• [Recorded data]:
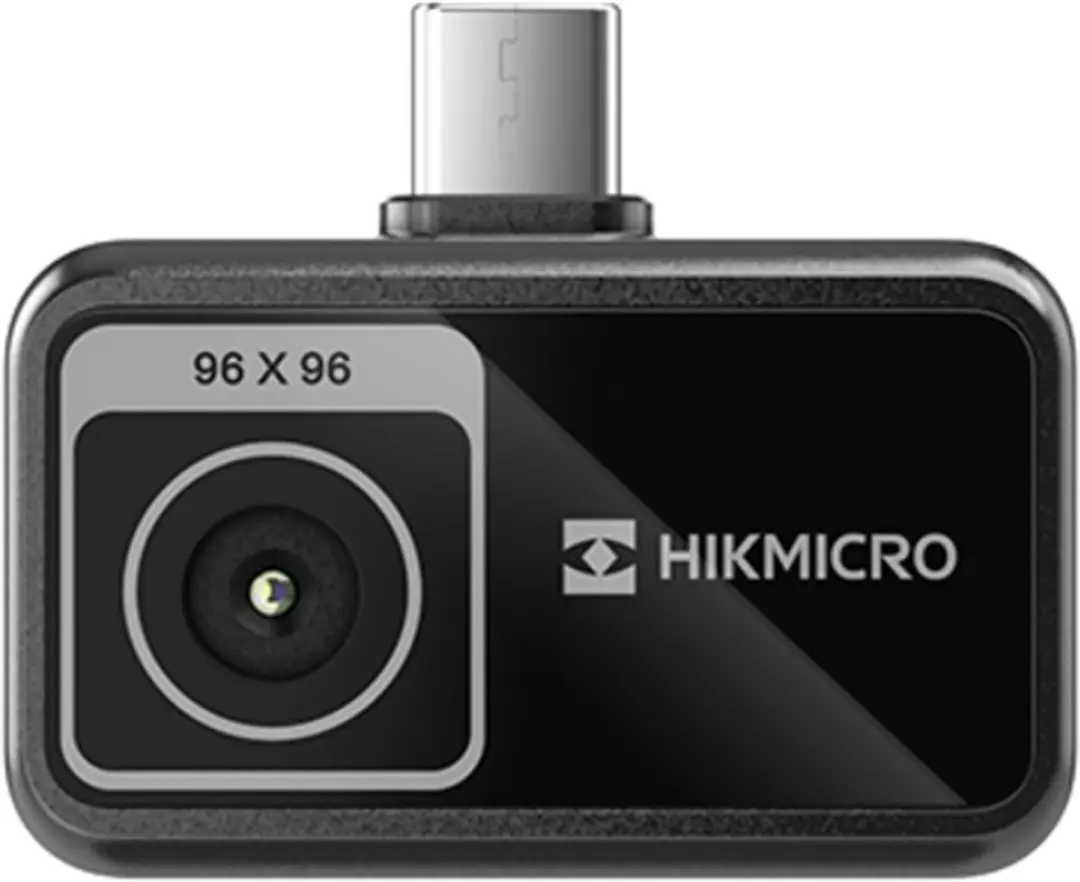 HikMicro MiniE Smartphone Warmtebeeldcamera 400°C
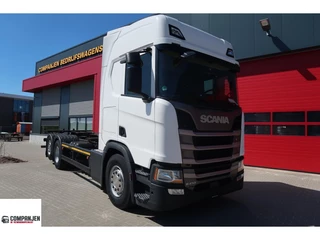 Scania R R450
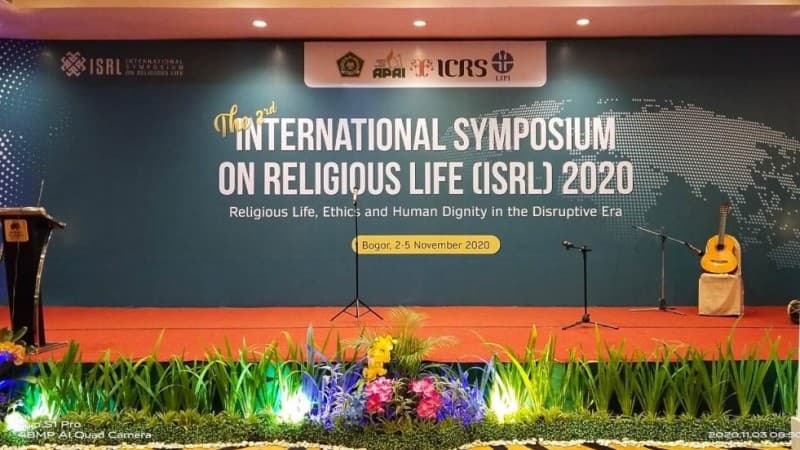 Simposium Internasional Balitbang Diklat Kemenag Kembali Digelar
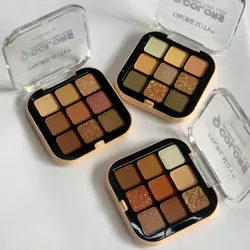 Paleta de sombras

• [Your objective]:
Send back every line above exactly, skipping all pictures.

• [Reply to the task]:
 HikMicro MiniE Smartphone Warmtebeeldcamera 400°C
 Scania R R450
 Simposium Internasional Balitbang Diklat Kemenag Kembali Digelar
 Paleta de sombras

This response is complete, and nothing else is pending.